> **Record extracts**
══════

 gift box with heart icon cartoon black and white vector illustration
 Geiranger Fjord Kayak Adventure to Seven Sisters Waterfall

══════

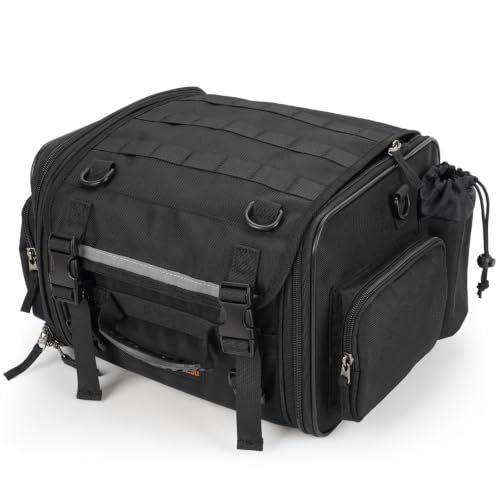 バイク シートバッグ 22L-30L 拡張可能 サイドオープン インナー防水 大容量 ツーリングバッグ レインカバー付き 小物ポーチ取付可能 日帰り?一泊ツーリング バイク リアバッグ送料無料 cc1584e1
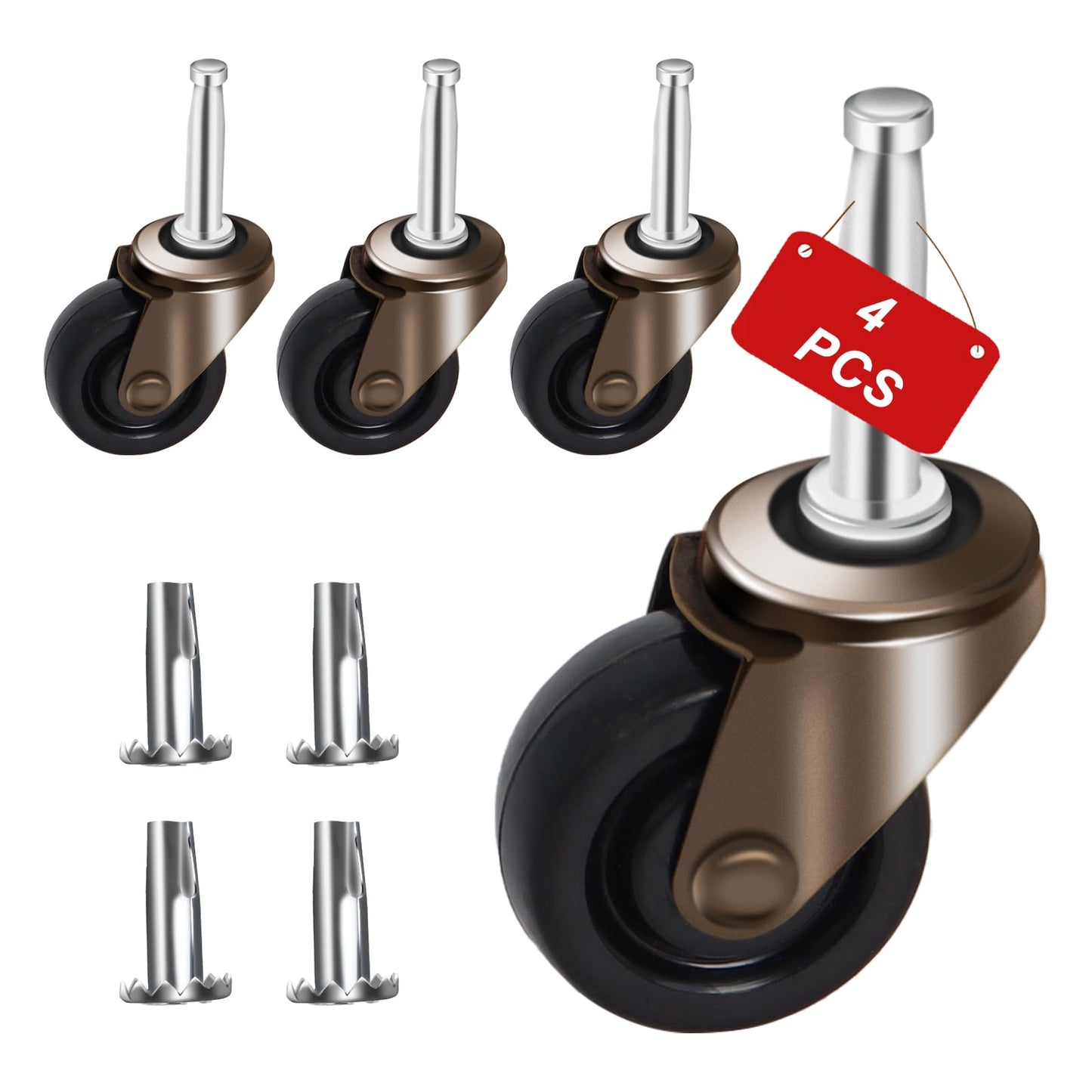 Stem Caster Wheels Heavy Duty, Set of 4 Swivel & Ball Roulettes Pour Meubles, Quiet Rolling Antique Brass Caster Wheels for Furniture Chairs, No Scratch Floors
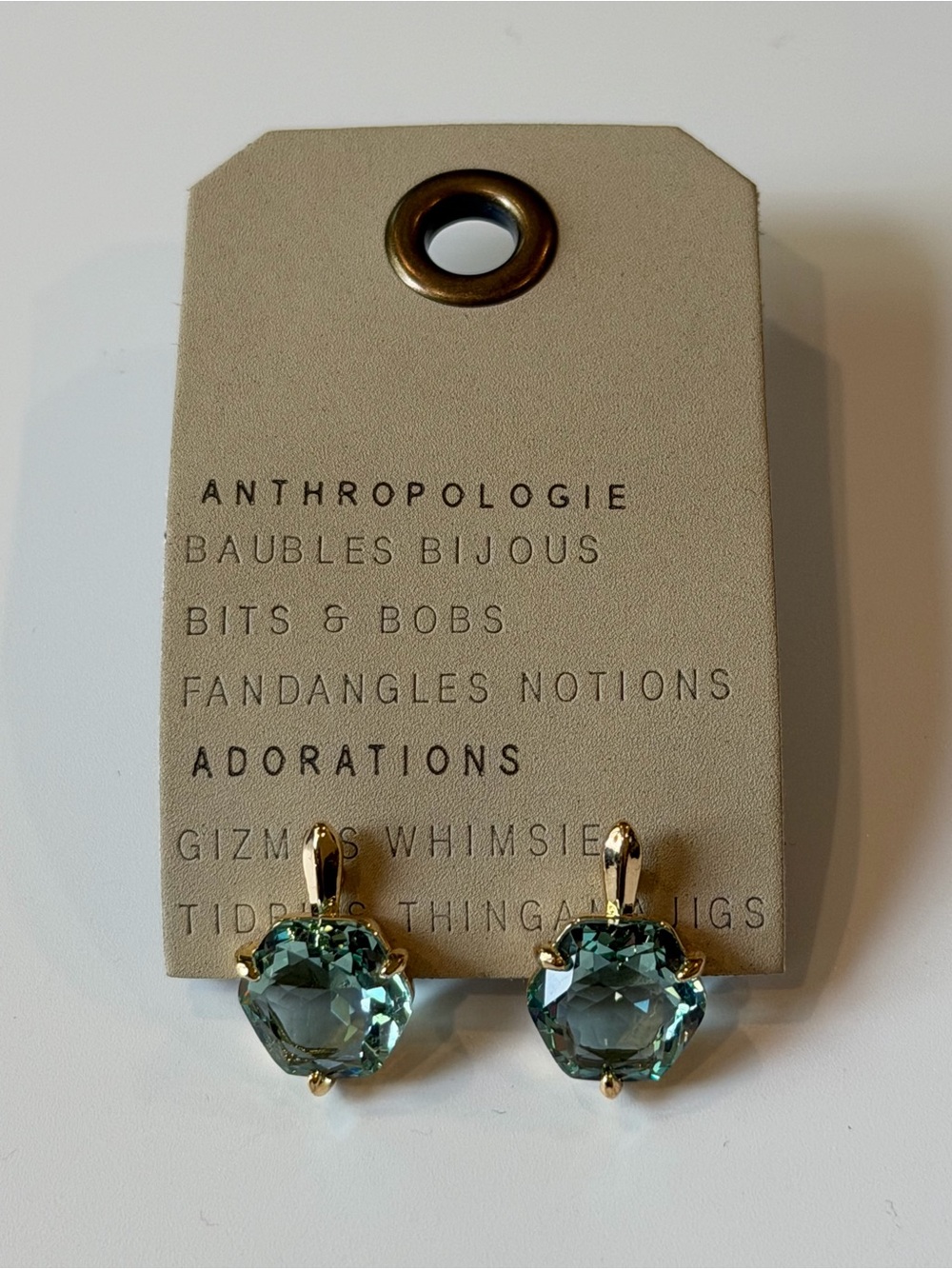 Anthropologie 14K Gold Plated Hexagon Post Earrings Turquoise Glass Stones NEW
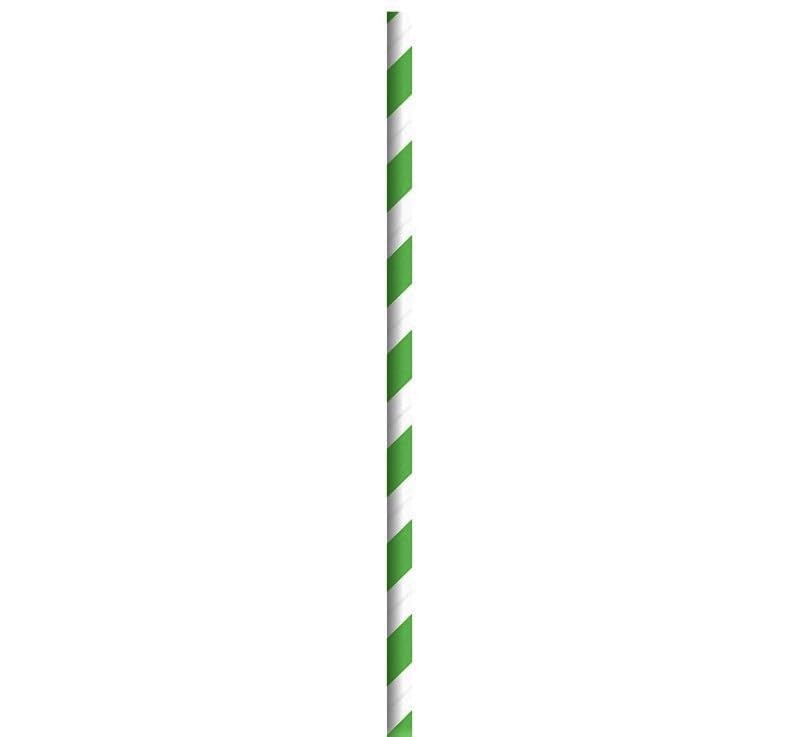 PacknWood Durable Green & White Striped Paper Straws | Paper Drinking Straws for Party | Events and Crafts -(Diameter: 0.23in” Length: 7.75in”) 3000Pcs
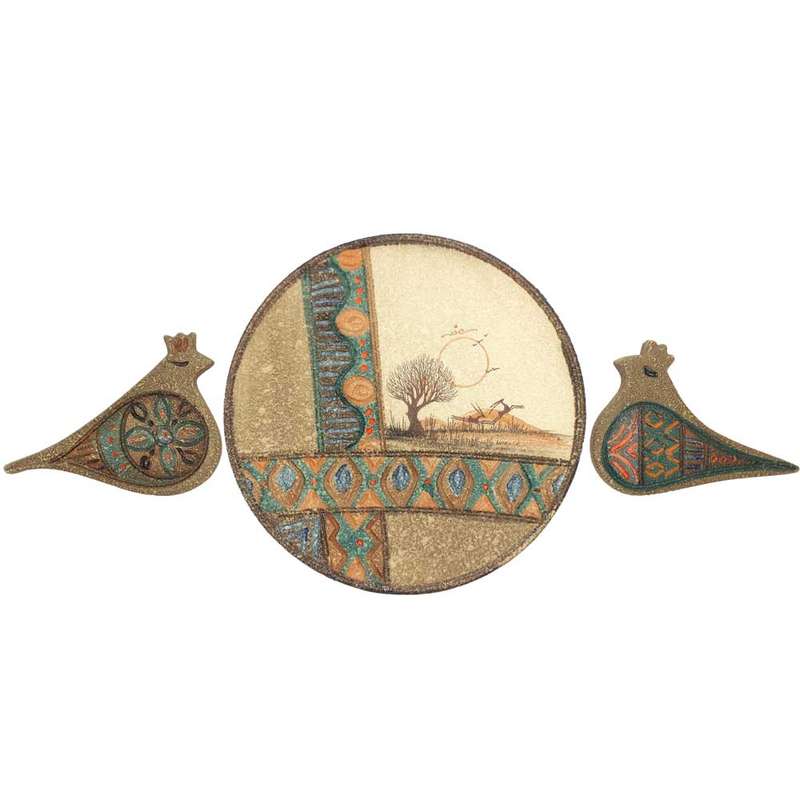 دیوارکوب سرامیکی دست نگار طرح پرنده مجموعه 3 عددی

══════

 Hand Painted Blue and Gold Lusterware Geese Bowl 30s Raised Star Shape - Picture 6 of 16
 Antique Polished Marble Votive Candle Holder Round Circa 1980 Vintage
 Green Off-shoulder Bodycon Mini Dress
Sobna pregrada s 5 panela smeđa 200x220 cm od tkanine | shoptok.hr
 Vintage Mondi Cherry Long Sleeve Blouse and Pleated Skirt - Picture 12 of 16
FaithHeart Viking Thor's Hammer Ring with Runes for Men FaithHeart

══════

Would you print exactly, and only, the lines of the data above from the line with "gift box with" through the line with "Geiranger Fjord Kayak", inclusive?

 gift box with heart icon cartoon black and white vector illustration
 Geiranger Fjord Kayak Adventure to Seven Sisters Waterfall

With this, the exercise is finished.